I got in the car and drove until it broke down
crying; his mother and father were gutted by
the color of the changing leaves in spring.

I got out of the army on a technicality; my arm
was gone fishing, said he’d be back for supper,
but no matter how long we waited, through the
sun and the moon and the deaths of white stars,
no one came home with a rack of meals in hand.

The message I got granting me my discharge
your firearm only after confirming hostile
intent: “how do I know he wants to kill me?
does he have the same orders? will our rifles
stare at each other until the sun breaks down,
and the earth’s complaints against us are mute?”

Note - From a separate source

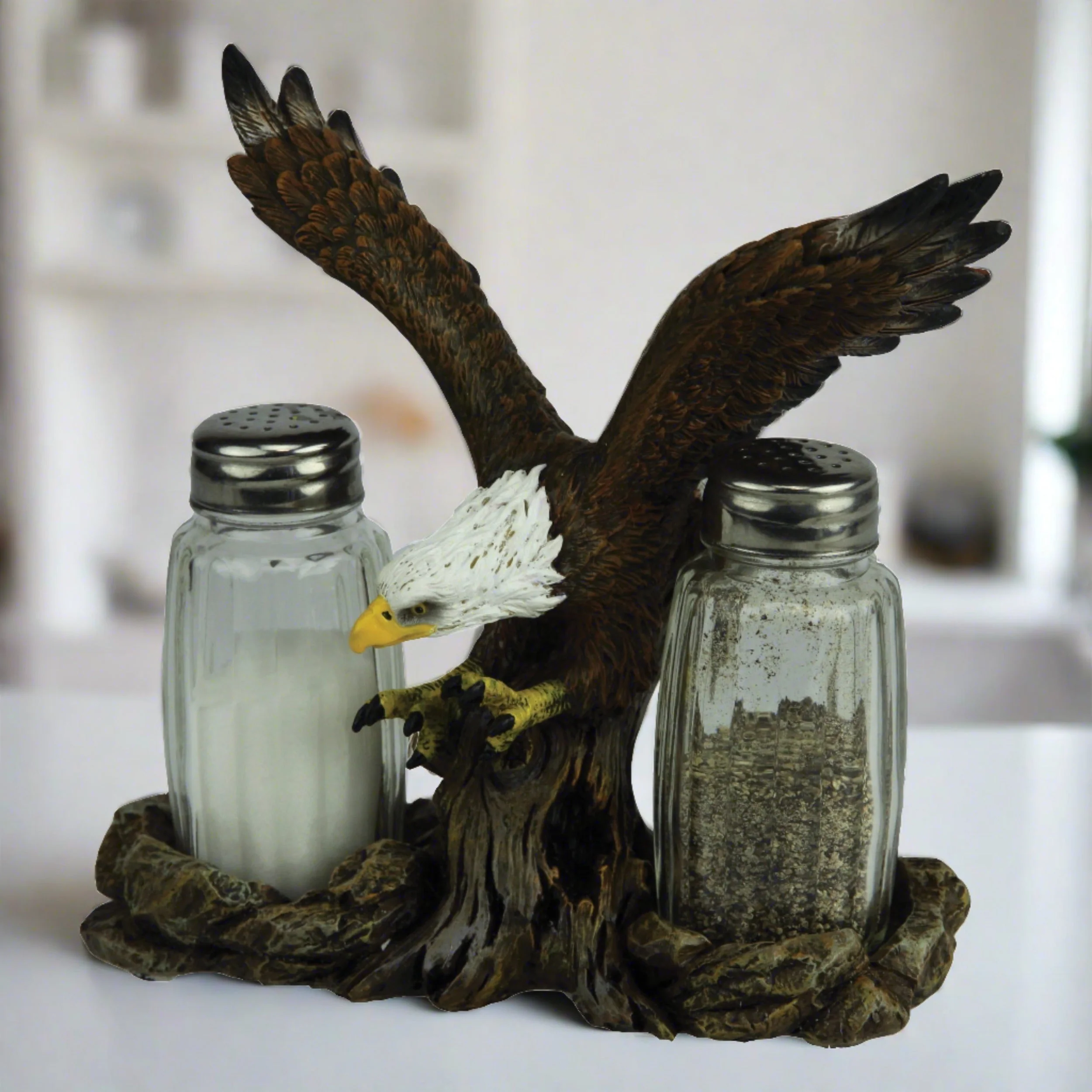 Carefully Designed Salt and Pepper Shakers-Eagle Official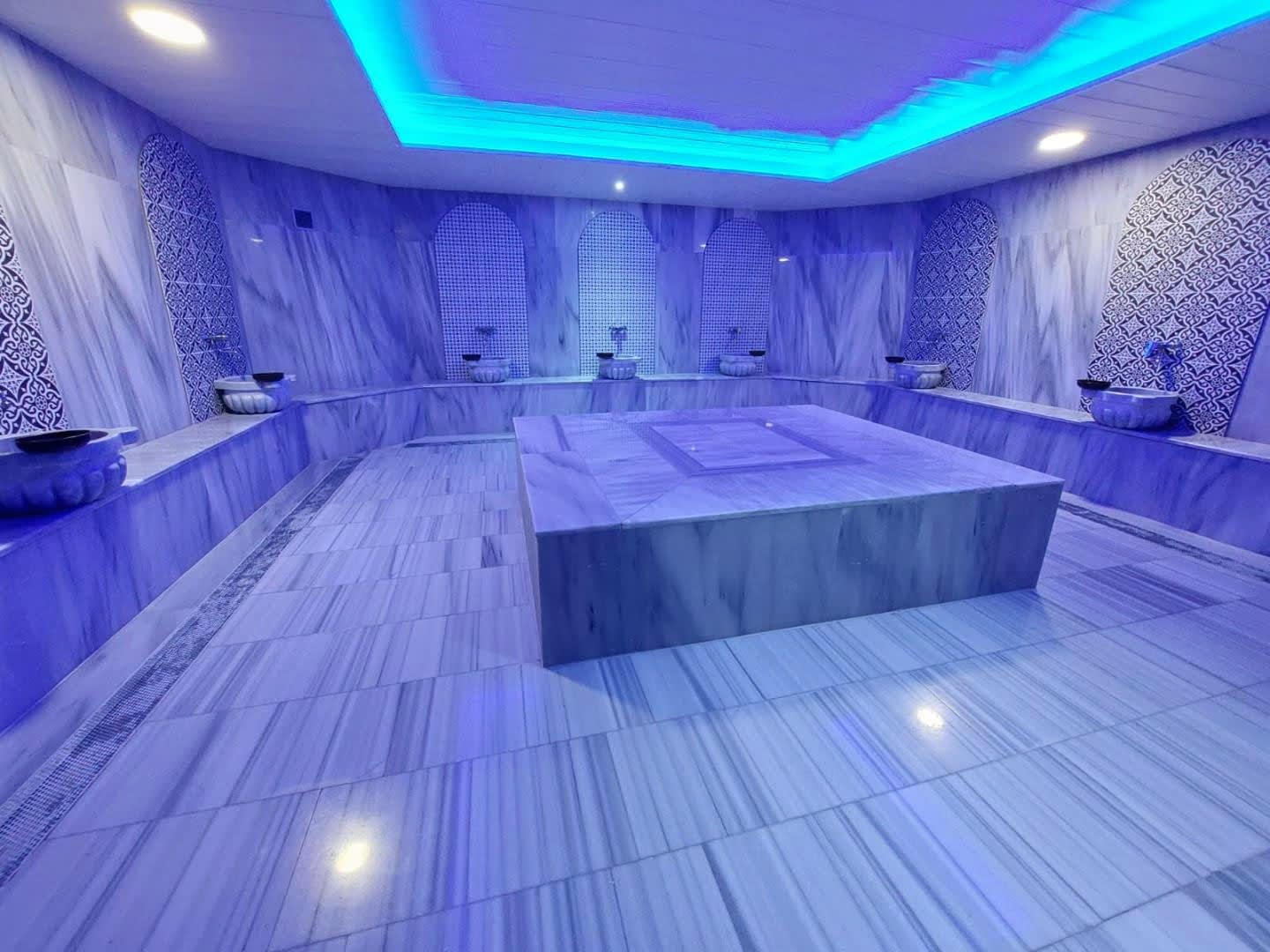 C&B SPA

At some point, I decided for myself that I would write in a manner that's even a bit hard for me to grasp. I'd prefer concrete, often silly images whose sinister undercurrents (i.e. left turns) are meant to be deeply disconcerting. From just last night,

I’m writing to you from a desk in a computer
in a mind made up: it won’t die, won’t lie

and

a-musing

a little and a lotta love alone
in the brief tickle of light to trickle
through the canopy: he can’t
make can-o-pees outta canapés
or the sun from a ruddy sunburn.

the first of which still doesn't make much sense to me, yet I keep rereading it for some reason. And the second, with its oddball reworking of the word "canopy," is precisely how I feel sometimes when trying to rework one idea into another: sometimes, they are wholly incompatible. So, if words and things never come home to roost, well, it's because you really don't have a clue what words and things are, and that's perfectly fine.